概要
斉の稷下の学宮で、荀子は3度「祭酒」(学長)になった。「人の性は悪、その善なるものは偽(人為)である」。孟子の性善説に反対した。礼は聖人が作った制度で、学んで身につける。天は意志を持たず、人が治める。「天を制して用いる」。弟子に韓非と李斯。儒家から法家が出た。楚の蘭陵で死んだ。『荀子』32篇。漢の儒教は荀子の儒教で、宋の儒教は孟子を選んで、荀子を外した。
場所
36.83°N 118.30°E · 中国・山東省淄博市(斉の都)
関わった人(2)
荀子BC313年頃–BC238年頃 · 祭酒孟子BC372年頃–BC289年頃 · 性善説に反対本文
稷下の学宮。斉の都、臨淄の西の門(稷門)の外。BC4世紀の半ば、威王か宣王が作った。学者に家と「上大夫」の俸禄を与え、政治を論じさせて、官職は与えなかった。「治めずして議論す」。最盛期に「数百千人」。孟子、鄒衍(陰陽五行)、慎到、田駢、淳于髡、宋鈃、尹文。中国で最初の「アカデミー」。
荀子は趙の人で、50歳で来た(『史記』。「15歳」の誤写という説が有力)。斉の襄王の頃(BC283〜265年)、稷下で「最も老いた師(最為老師)」と呼ばれ、3度、祭酒(酒を祭壇に注ぐ役。学者の長)になった。
『荀子』32篇。
性悪篇。「人の性は悪なり。その善なる者は偽なり」。偽は「人の為すこと」。人は生まれつき利を好み、耳目の欲があり、放っておけば争う。だから聖人が礼と義を作った。人は礼を学んで善になる。「木は縄に従えば直く、金は砥に就けば利し」。孟子は「性は善で、四端(惻隠、羞悪、辞譲、是非の心)が生まれつきある」と言った。荀子は「それなら聖人も礼も要らないことになる」と答えた。

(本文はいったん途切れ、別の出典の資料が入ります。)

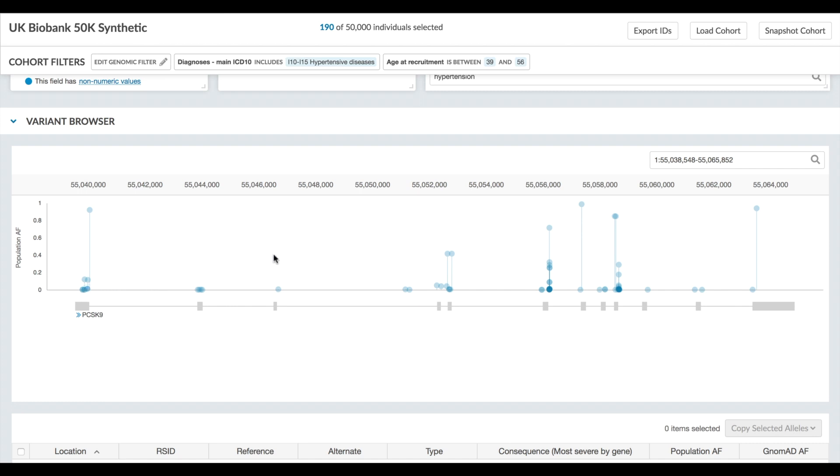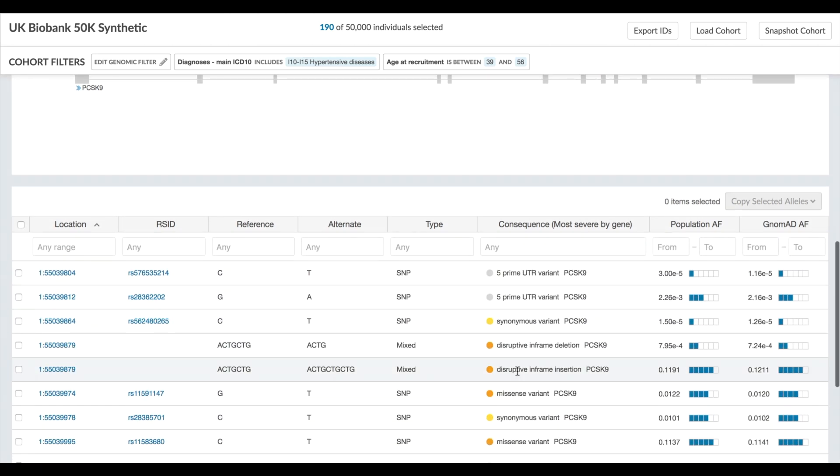Here we've filtered the cohort down to a subset of 190 people and we're looking at a region of the genome that contains the gene PCSK9.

天論篇。「天行に常あり。堯のために存せず、桀のために亡びず」。天は意志を持たず、人の善悪に応じない。雨乞いをして雨が降るのは、しなくても降るのと同じ。日食も星が落ちるのも、怪しむに足りない。「天を大なりとしてこれを思うは、物を畜えてこれを制するに孰若ぞ」——天を崇めて考えるより、物を蓄えて制するほうがよい。「天命を制して用いる」。
勧学篇。「学は以て已むべからず。青はこれを藍より取りて藍より青く、氷は水これを為して水より寒し」。「吾嘗て終日思えども、須臾の学ぶ所に如かず」。
礼論篇。人には欲があり、欲に限りはなく、物には限りがある。争いを防ぐために、先王が礼を作って「分(身分と分け前)」を定めた。
正名篇。名は約束(約定俗成)で決まり、王が定める。名が乱れれば政治が乱れる。
弟子。韓非(韓の公子。『韓非子』。法・術・勢。秦で同門の李斯に讒言されて獄で死んだ)。李斯(楚の人。秦の丞相。郡県制と焚書を進言し、趙高に腰斬にされた)。荀子の「性は悪」から、礼でなく法へ行った。
評価。漢の儒教は荀子の系統(経学と礼学)。唐の韓愈が「大醇にして小疵」、宋の程頤と朱熹が「性悪の一句で根本を失った」。四書に『孟子』が入り、『荀子』は入らなかった。清の考証学が読み直し、20世紀の中国が「唯物論の先駆」として教科書に載せた。
楚の春申君が蘭陵(山東の南)の令にした。春申君が殺されて(BC238年)、免職。蘭陵で死んだ。墓が残っている。